Setting up devops is a learning journey for most programmers.

Early in my engineering career, before cloud computing was invented, making my programs work in my company’s datacenter could be summed up as making the program:

configurable: by having no hardcoded paths and secrets in the code, supporting feature flags (both static - which were driven through property files, and dynamic - driven through databases)
deployable: in different machines other than mine. Typically, done by building and bundling scripts to automate program installation.
observable: support consistent logging, and hooks to enable tracing for distributed systems. This was invaluable in troubleshooting errors

Operations in cloud computing encompass addressing more concerns than making programs configurable, deployable, and observable.

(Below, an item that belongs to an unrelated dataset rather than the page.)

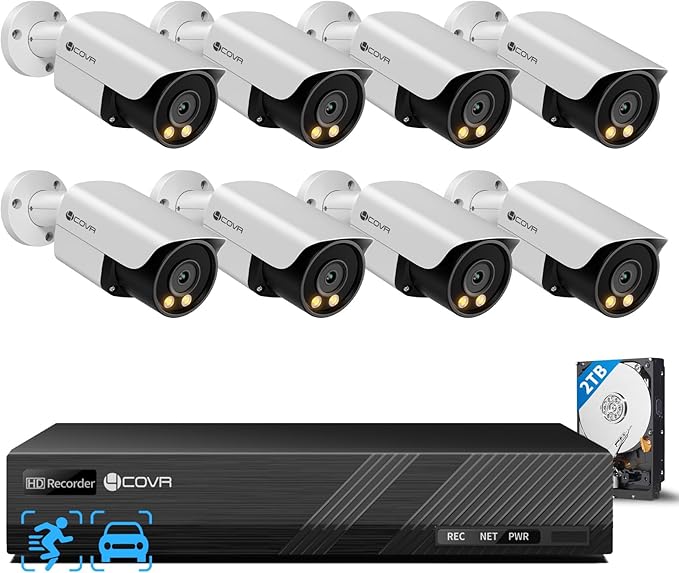 4COVR 8 Channel Security Camera System, 2 Way Audio Talk & Smart Color Night Vision, 8X 5MP IP Bullet PoE Camera IP67 Human Vehicle Detection, 4K 8CH NVR 2TB HDD 24/7 Recording, LY37YX5M0808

In cloud computing, programs perform the role of value added cloud services.

Cloud service programs run on leased cloud provider’s (example: AWS, GCP) infrastructure (electricity, cabling, buildings) and hardware (computers, routers). Cloud services are made available and accessible over the public internet and are either used by web, desktop, and mobile applications or also by other cloud services.

Operations teams manage customer and user expectations for the organization. Users expect applications to work with minimal or no interruptions, and even in case of errors, expect the cloud solution to continue working in a degraded fashion. Customers and users also expect careful stewardship of their information, that it remains secure, tamper resistent, and is never lost.

A cloud service’s existing level of functionality is gauged through its service level indicator (SLI). The SLIs depend on the type of service being designed. There are special purpose programs designed for capturing point in time SLI values from cloud services, aggregating them (SLI values), and alerting engineering teams when they degrade.

For example, a banking cloud service could have different service level indicators for money transfer, deposit, and withdrawal capabilities. Degradation in these SLIs can alert both cloud service engineering teams and customers.

Additionally, shareholders of the cloud service organization expect operations teams to keep cost of running cloud services optimal and manageable. For example, they expect operations teams to be able to either scale up (or out) resources as demand for cloud services increase or shrink down if the demand ebbs.

Elasticity is a design and architecture pattern that special purpose control plane cloud services use to scale up/ out and shrink cloud services. This key capability goes to the heart of the existence of the cloud, as cloud providers charge their customers by resources used over time, and provide automated APIs for customers to manage resources.

A typical control plane cloud service captures resource utilization heartbeats from systems that host cloud services, and then compare them with cloud service usage SLIs (for example how many deposits are being requested by customers).

As and when there is resource contention detected (for example high CPU usage on machines running the banking cloud service, and the deposit SLI shows an increasing uptick in usage), then a control plane service should automatically provision new servers, configure them, install cloud service (in our example the banking cloud service), and start it for users. Correspondingly, when idle resources are detected, and usage SLIs are low, the control plane cloud service will shut down systems, and save costs. AWS Lambda is an example of a common cloud control plane elasticity pattern that customers can use out of the box. Serverless is the name of the associated industry trend.

So far, we’ve been assuming cloud systems running perfectly. The reality is far from that. Systems fail, networks become congested, programs crash, new changes (typically configuration) disrupt functionality in systems all the time. As and when cloud SLIs degrade, then the engineering team is engaged to manage and mitigate this service “incident”.

Another big consideration is managing security and privacy of customer and user information. I wrote a blog post on cloud compliance that goes in detail on additional constraints on operational teams to have a certified process.

This article provides a taste of the work being done by a devops cloud service engineering team.